Sibling Squabbles: Here are some smart ways to minimize them

  1. Home
  2. potpourri
  3. parenting

Sibling Squabbles: Here are some smart ways to minimize them

Sibling Squabbles: Here are some smart ways to minimize them

Sibling Squabbles: Here are some smart ways to minimize them

Are you heading to parenting classes due to the constant fights between your kids? Parents often rate sibling squabbles as the primary concern they have to confront in family life. However, a recent study suggests kids pick up critical conflict resolution skills from their intermittent fights. Hence, if you are trying to stop your kids from their daily squabbles you may well be confining them of any learning options.

However, according to research professor Mark Feinberg at the Penn State’s Prevention Research Centre for the Promotion of Human Development “This is an important issue not only because siblings share a lifetime-long relationship, but also because sibling relations appear to be as important as parenting and peer relations for many aspects of a child’s development and well-being.” Thereupon, if the sibling squabble has gone upto the level of rivalry, diplomatic interference by the parents becomes extremely important to incite a healthy relationship between siblings.

So to maintain that everyday unanimity and to cultivate a cordial home environment, here are some smart ways to minimize sibling squabbles.

Pay Special Attention to the Older Sibling

According to the theory by psychologist Alfred Adler, the children who are born first in the order tend to lack self-confidence and suffer from inferiority complex with the birth of the second child. This, Adler says is due to the first child’s exposure to adults only till the other child is born. On the other hand, the second child is socially stronger as he/she has a sibling to deal with for the rest of life.

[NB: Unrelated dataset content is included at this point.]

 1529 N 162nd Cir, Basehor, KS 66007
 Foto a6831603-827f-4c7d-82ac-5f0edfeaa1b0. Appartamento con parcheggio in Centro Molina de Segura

In order to reduce the first child’s mental disturbance with the birth of the second child, parents should make the older sibling feel special by involving them caring for the new born like, helping with changing diapers or read story books to the baby. And, when the baby is off to sleep parents can play with the older sibling, let him or her sleep on your chest, or simply watch a movie.

Restrict Abuse

A study published in the journal “Child Maltreatment” in 2005 says that 35 percent of the kids have been physically abused, that is hit by their siblings in that year. The research was conducted based on telephonic interviews with 2030 kids or their caretakers.  Out of this figure, 14 percent were repeatedly hit by the other sibling, 4.55 percent were injured by the attack and 2 percent were attacked by siblings using rocks, knives, etc.

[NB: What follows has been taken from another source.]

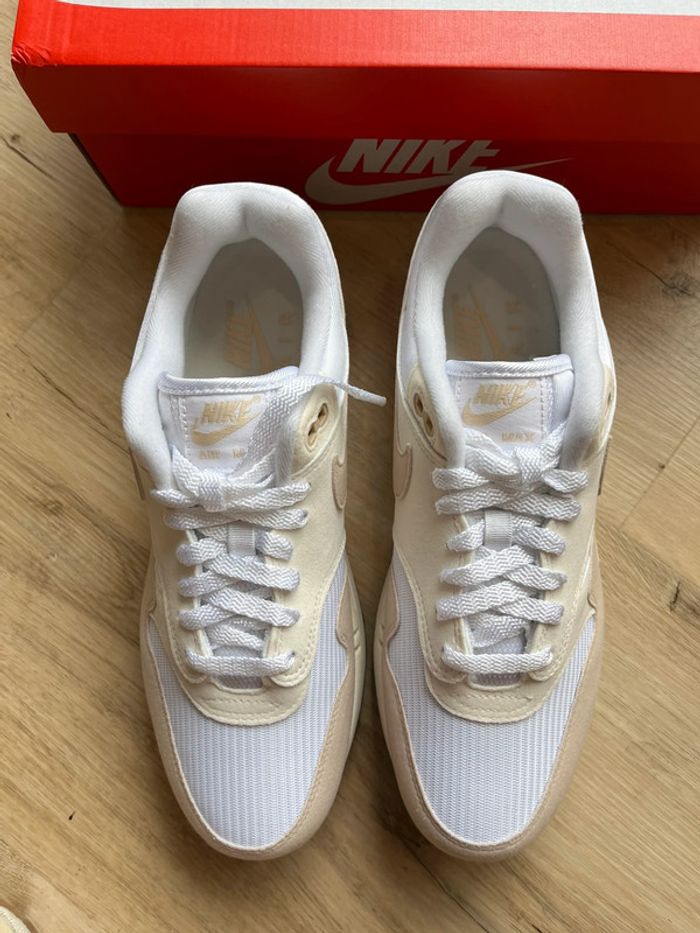 Nike Air Max 1 Pale Ivory 42,5 - photo numéro 2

Parents should set ground rules right from the start making certain things stark clear about using abusive language, hitting, teasing or provoking. They should also avoid assigning more power to the older sibling compared to the younger, have a one-on-one with each child every day and keeping a watch on their activities.

Conflict Resolution Strategies

Associate Professor of family studies at the University of New Hampshire, Ph. D. Corina Jenkins Tucker says that “Children can test which conflict resolution strategies work and which don’t,” According to Tucker, what children learn during their childhood has a long term effect. Though it is believed that it’s a learning phase for kids to negotiate conflict, according to McHale kids who learn hostile ways to handle conflicts are more prone to engage in negative activities.

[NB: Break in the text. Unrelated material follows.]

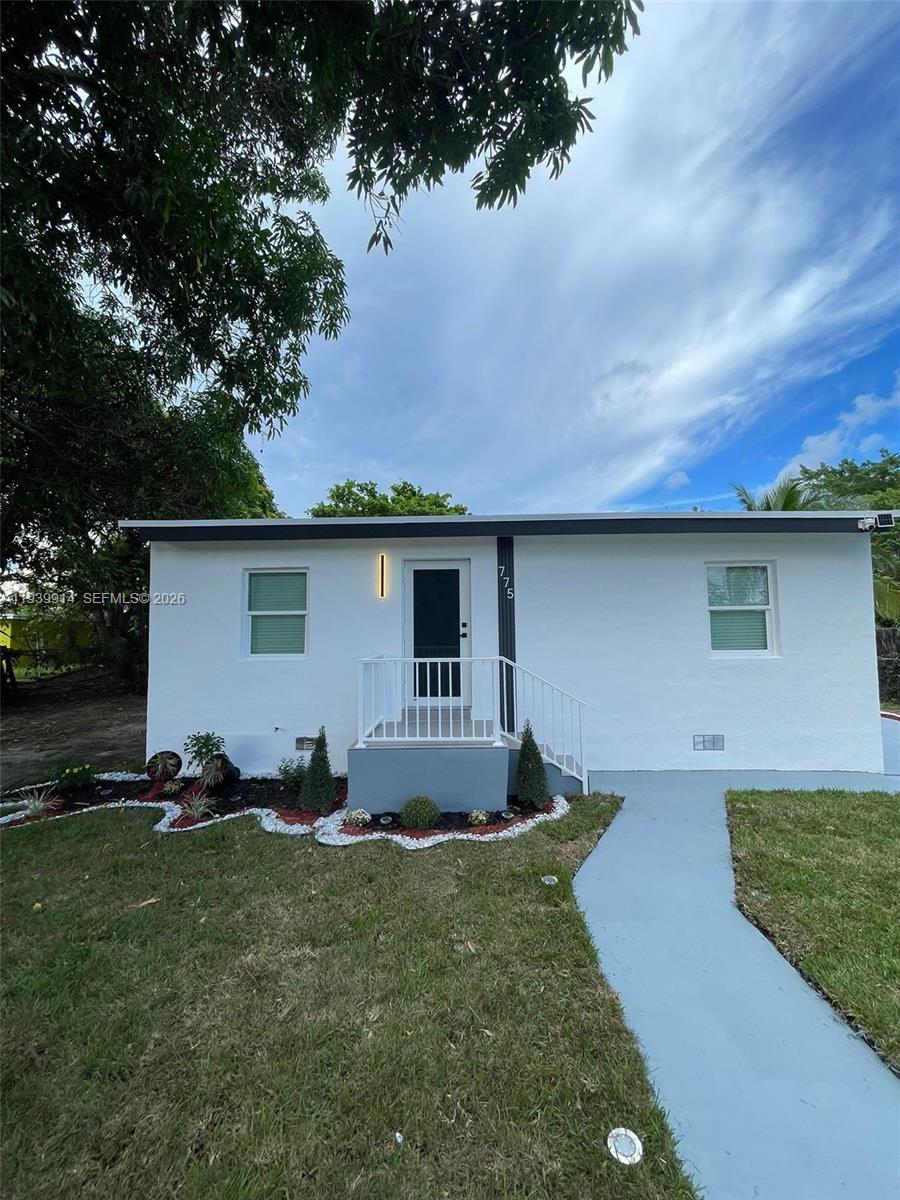 775 NW 142nd St, Miami FL 33168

MacHale recommends parent’s interference here where they can help the kids develop compromising attitude, avoid favoritism, and try resolving sibling conflicts tacitly.

Keep Away from Intervening

A new study suggests parents to keep away from intervening in sibling fights, as it can cause long lasting emotional harm. According to assistant professor of psychological science, Nicole Campione-Barr at the University of Missouri ‘Although parents may be inclined to step in as arbiters, previous research has found that parents’ interventions into adolescent sibling conflict can be detrimental. The research was conducted on 145 pairs of kids in Europe and America across two categories – equality and fairness.

Hence, only in cases if the sibling conflict becomes intense parents can step in and intervene.

Fight Depressive Symptoms and Anxiety

The same study at the University of Missouri conducted on the 145 children sibling duos suggest that kids with a conflict are prone to mood fluctuations and emotional upheaval. Campion-Barr says “There are definitely aspects that are going both ways,” “But we believe that there are particular types of conflict that are setting kids up for problems”

In the journal the author suggests while the parents should recognize the kid’s need of privacy and personal space as they look for liberty through their childhood, they can also assign equal duties and time among the siblings in order to avoid any possibility of conflict arising.

Learn to Manage Stress & Emotions

In a recent study conducted at the University of Illinois College of Agriculture, Consumer and Environmental Sciences along with the children learning to resolve sibling conflict, mothers also learnt to manage stress and emotions in the process of teaching their children. According to Professor Laurie Kramer “Parenting more than one child is stressful, and until now, there have been few ways to help parents deal with their own distress when children squabble. Many parents, especially mothers, use how their kids are getting along as a barometer for how well they’re doing as a parent. This is true even though virtually all siblings have some conflict”.

The study helped parents of the siblings participating in the program to manage their extreme negative emotions while their kids fight so that they can control the situation in a better way.